Fora dessas temáticas “gays”, os escritores nem sabem como usar um personagem LGBT+. Como assim esse agente secreto em uma aventura para desmascarar um vilão terrível pode ser LGBT+? O que tem de gay aqui?!!!!
99% das histórias LGBT+ não passam disso. Em série normalmente em algum momento um personagem vai perceber que é gay, vai passar pelo processo de sair do armário, yeey. Vai ter um namorado do mesmo gênero. (dependendo da história, é misturado: a pessoa encontra alguém legal colocada ali pra essa narrativa, gosta, entra em conflito, lita com preconceito e faz escondido, até que no fim vence e sai do armário. tem que sempre sair do armário.) Depois disso ninguém tem mais o que fazer com esses personagens. A série acaba, é cancelada, ou um dos dois morre ou os dois juntos ou ficam ali só de fundo pra dizer que existe.
É assim que também nasce o personagem bissexual e o personagem gay. O personagem bissexual é aquele que tava ali até alguém (provavelmente na segunda temporada) perceber que não tem representatividade LGBT+ e decide usar um dos personagens secundários pra Narrativa Gay. Porém, tal personagem já teve a relação f/m obrigatória anteriormente. Ou seja, acaba virando bissexual por acaso. Talvez. Ninguém sabe direito, porque raramente dentro da história falam se o personagem é bi ou o que é. Às vezes fica aquela coisa de “virou gay”, às vezes fica claro que a pessoa tem atração ok por mais de um gênero, às vezes depois que a Narrativa Gay acaba a pessoa volta pras relações f/m e vida que segue.

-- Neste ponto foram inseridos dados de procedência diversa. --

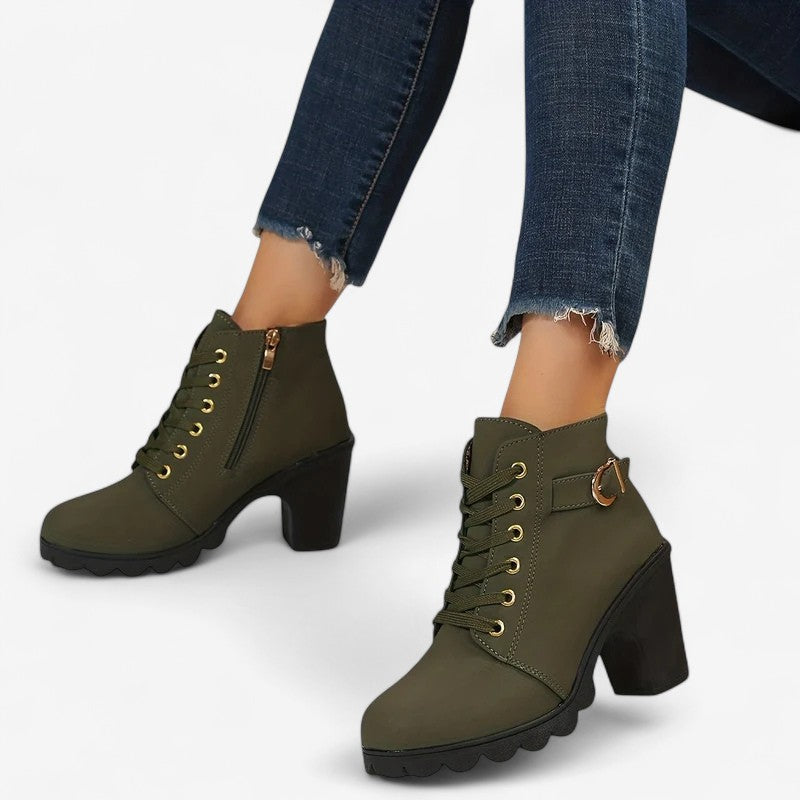 Jolien – Ankelstøvler med tykk såle og justerbar spenne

*às vezes o personagem bi passa a se identificar como gay mesmo. mas nunca dá pra saber se estão tentando uma narrativa de heterossexualidade compulsória, ou não sabem que bissexualidade existe, ou é só uma bagunça mesmo. provavelmente uma bagunça.
Já o personagem gay, é aquele que tá ali especialmente pra Narrativa Gay, ele quase não serve pra nada mais na história, às vezes não tem história de vida própria (a não ser pra dar alguma lição de Vida Própria Sendo Gay) e tá ali só pra ser o Interesse Romântico de Suporte (e como escritores estão ansiosos pra mostrar que amam os gays, normalmente é o Interesse Romântico Idealizado perfeito. Tá sempre ali pra tudo, é compreensivo, faz gestos românticos. Só vive em serviço do outro). Se o personagem bi/gay já é secundário, esse é o secundário do secundário. Provavelmente vai morrer pra fazer o outro sofrer.
(obs: apesar disso dar a entender que bissexual tá em uma situação melhor, não é tão simples assim. toda essa estrutura é um reflexo de uma visão heteronormativa e dificilmente os autores reconhecem a bissexualidade do personagem. isso acaba servindo mais pra confundir e criar estereótipos tóxicos, tipo que o bissexual vai buscar a relação f/m no fim do dia, que é a Verdadeira™, do que pra ser uma representatividade digna de qualquer coisa LGBT+)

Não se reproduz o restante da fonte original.